Before a PCI device can be assigned to a guest with VFIO, that device
must be bound to the vfio-pci driver rather than to the device's
normal host driver. The vfio-pci driver provides APIs that permit QEMU
to perform all the necessary operations to make the device accessible
to the guest.
In the past vfio-pci was the only driver that supplied these APIs, but
there are now vendor/device-specific "VFIO variant" drivers that
provide the basic vfio-pci driver functionality/API while adding
support for device-specific operations (for example these
device-specific drivers may support live migration of certain
devices). All that is needed to make this functionality available is
to bind the vendor-specific "VFIO variant" driver to the device
(rather than the generic vfio-pci driver, which will continue to work,
just without the extra functionality).
But until now libvirt has required that all PCI devices being assigned
to a guest with VFIO specifically have the "vfio-pci" driver bound to
the device. So even if the user manually binds a shiny new
vendor-specific VFIO variant driver to the device (and puts
"managed='no'" in the config to prevent libvirt from changing the
binding), libvirt will just fail during startup of the guest (or
during hotplug) because the driver bound to the device isn't exactly
"vfio-pci".
Beginning with kernel 6.1, it's possible to determine from the sysfs
directory for a device whether the currently-bound driver is the
vfio-pci driver or a VFIO variant - the device directory will have a
subdirectory called "vfio-dev". We can use that to appropriately widen
the list of drivers that libvirt will allow for VFIO device
assignment.
This patch doesn't remove the explicit check for the exact "vfio-pci"

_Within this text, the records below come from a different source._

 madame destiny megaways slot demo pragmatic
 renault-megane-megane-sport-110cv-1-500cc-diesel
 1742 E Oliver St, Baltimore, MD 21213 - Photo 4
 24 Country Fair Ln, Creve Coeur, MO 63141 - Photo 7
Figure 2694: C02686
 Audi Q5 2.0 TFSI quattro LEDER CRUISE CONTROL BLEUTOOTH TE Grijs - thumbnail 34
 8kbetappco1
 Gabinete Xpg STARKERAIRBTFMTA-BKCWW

driver (since that would cause systems with pre-6.1 kernels to behave
incorrectly), but adds an additional check for the vfio-dev directory,
so that any VFIO variant driver is acceptable for libvirt to continue
setting up for VFIO device assignment.
Signed-off-by: Laine Stump <laine(a)redhat.com>
---
src/hypervisor/virhostdev.c | 28 +++++--------
src/libvirt_private.syms | 1 +
src/util/virpci.c | 78 ++++++++++++++++++++++++++++++++++---
src/util/virpci.h | 3 ++
4 files changed, 87 insertions(+), 23 deletions(-)

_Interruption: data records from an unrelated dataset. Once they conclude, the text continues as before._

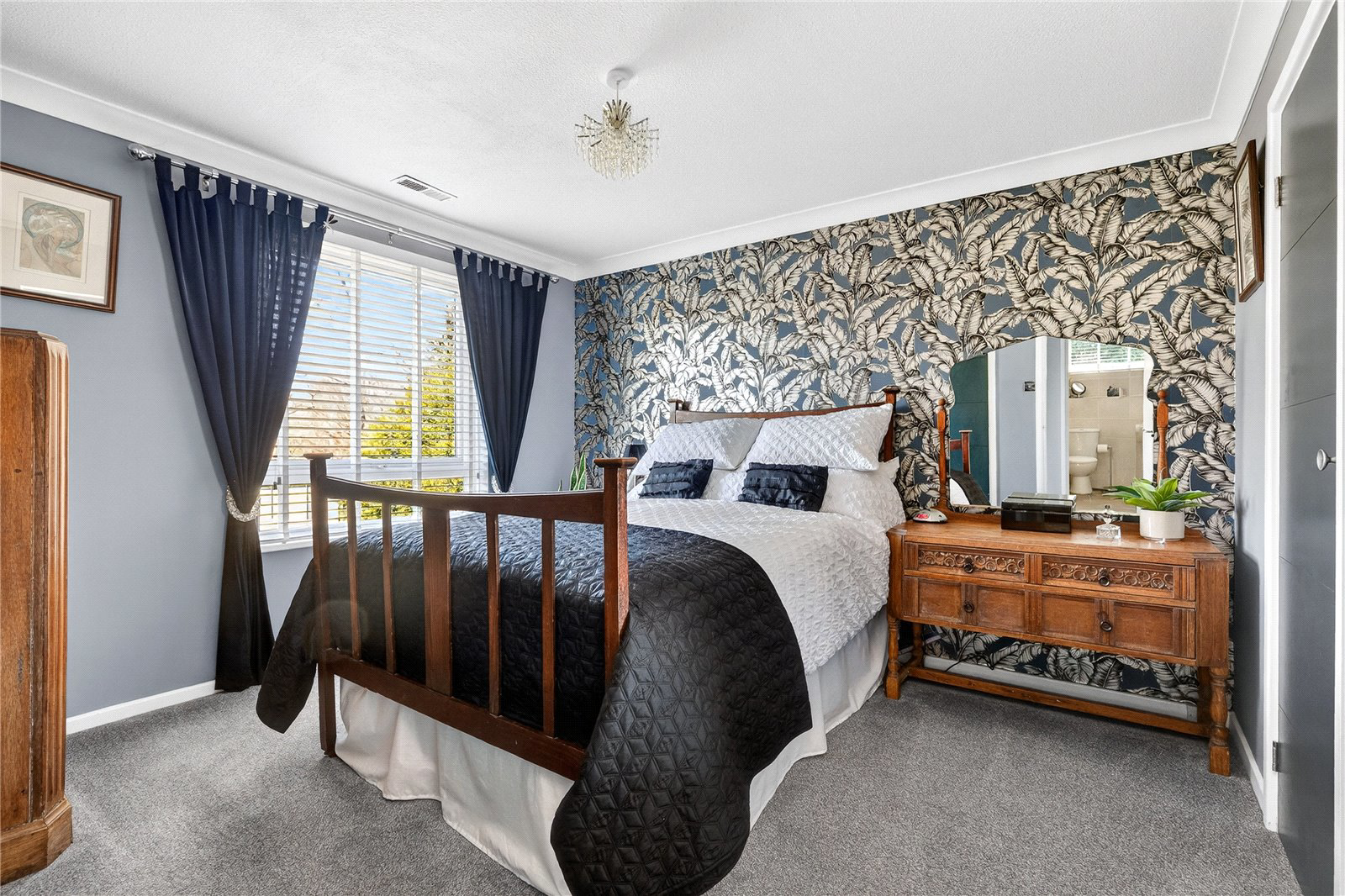 Silwood, Bracknell, Berkshire, RG12, photo 7
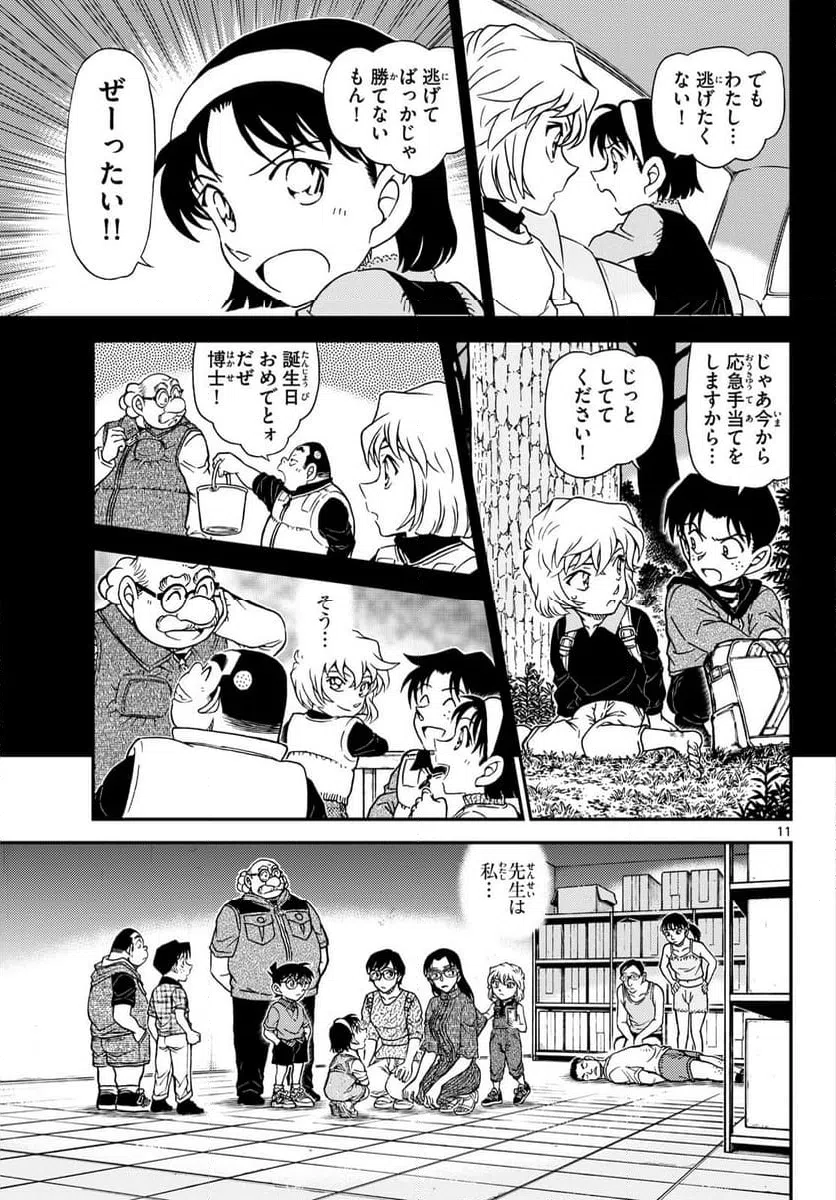 Page 11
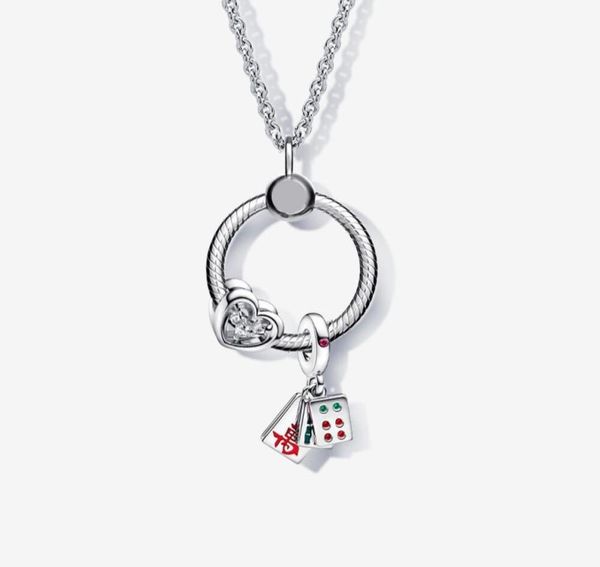 designer jewelry love pendant beads necklace charms bracelets diy fit pandora man bracelet women wedding engagement ladies gift8036155, Silver
designer jewelry love pendant beads necklace charms bracelets diy fit pandora man bracelet women wedding engagement ladies gift8036155, Silver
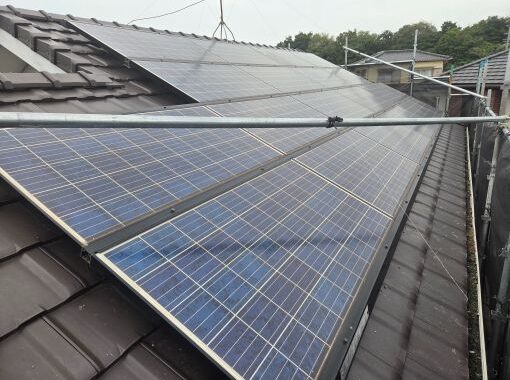 20251007_154331R施工前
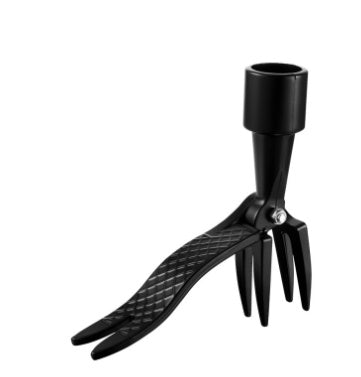 Cross-border Explosion Type Standing Weeding Rooter Without Bending Over Rooting Shovel Clip 3cf394b6 65c7 4235 9d4b 2b3131d4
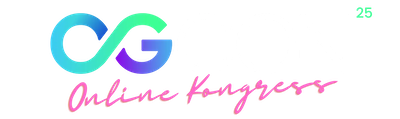 OGCON 2025 Logo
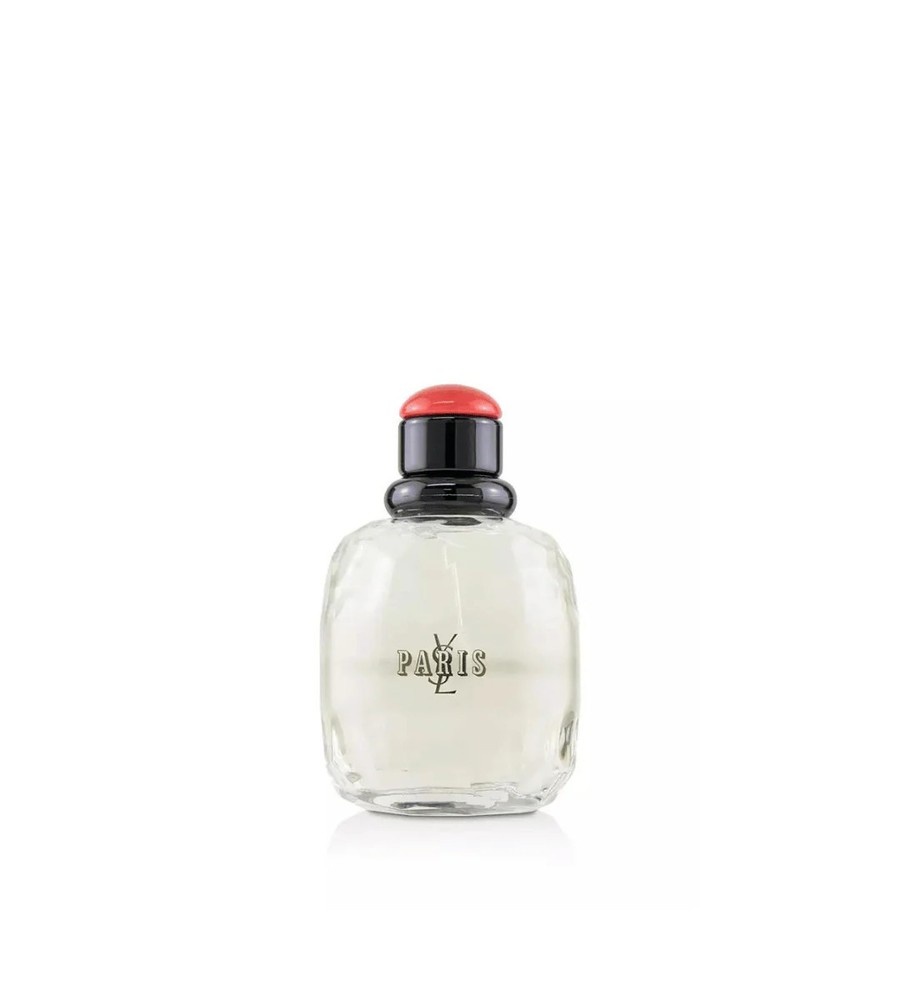 Yves Saint Laurent – Paris Eau de Toilette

diff --git a/src/hypervisor/virhostdev.c b/src/hypervisor/virhostdev.c
index 244f057c6c..b95d6bf3d6 100644
--- a/src/hypervisor/virhostdev.c
+++ b/src/hypervisor/virhostdev.c
@@ -743,9 +743,8 @@ virHostdevPreparePCIDevicesImpl(virHostdevManager *mgr,
mgr->inactivePCIHostdevs) < 0)
goto reattachdevs;
} else {
- g_autofree char *driverPath = NULL;
- g_autofree char *driverName = NULL;
- int stub;
+ g_autofree char *drvName = NULL;
+ virPCIStubDriver drvType;
/* Unmanaged devices should already have been marked as
* inactive: if that's the case, we can simply move on */
@@ -765,19 +764,17 @@ virHostdevPreparePCIDevicesImpl(virHostdevManager *mgr,
* information about active / inactive device across
* daemon restarts has been implemented */
- if (virPCIDeviceGetCurrentDriverPathAndName(pci, &driverPath,
- &driverName) < 0) {
+ if (virPCIDeviceGetCurrentDriverNameAndType(pci, &drvName,
+ &drvType) < 0) {
goto reattachdevs;
}
- stub = virPCIStubDriverTypeFromString(driverName);
-
- if (stub > VIR_PCI_STUB_DRIVER_NONE &&
- stub < VIR_PCI_STUB_DRIVER_LAST) {
+ if (drvType > VIR_PCI_STUB_DRIVER_NONE) {
/* The device is bound to a known stub driver: store this
* information and add a copy to the inactive list */
- virPCIDeviceSetStubDriverType(pci, stub);
+ virPCIDeviceSetStubDriverType(pci, drvType);
+ virPCIDeviceSetStubDriverName(pci, drvName);
VIR_DEBUG("Adding PCI device %s to inactive list",
virPCIDeviceGetName(pci));
@@ -2291,18 +2288,13 @@ virHostdevPrepareOneNVMeDevice(virHostdevManager *hostdev_mgr,
/* Let's check if all PCI devices are NVMe disks. */
for (i = 0; i < virPCIDeviceListCount(pciDevices); i++) {
virPCIDevice *pci = virPCIDeviceListGet(pciDevices, i);
- g_autofree char *drvPath = NULL;
g_autofree char *drvName = NULL;
- int stub = VIR_PCI_STUB_DRIVER_NONE;
+ virPCIStubDriver drvType;
- if (virPCIDeviceGetCurrentDriverPathAndName(pci, &drvPath, &drvName) <
0)
+ if (virPCIDeviceGetCurrentDriverNameAndType(pci, &drvName, &drvType) <
0)
goto cleanup;
- if (drvName)
- stub = virPCIStubDriverTypeFromString(drvName);
-
- if (stub == VIR_PCI_STUB_DRIVER_VFIO ||
- STREQ_NULLABLE(drvName, "nvme"))
+ if (drvType == VIR_PCI_STUB_DRIVER_VFIO || STREQ_NULLABLE(drvName,
"nvme"))
continue;
VIR_WARN("Suspicious NVMe disk assignment. PCI device "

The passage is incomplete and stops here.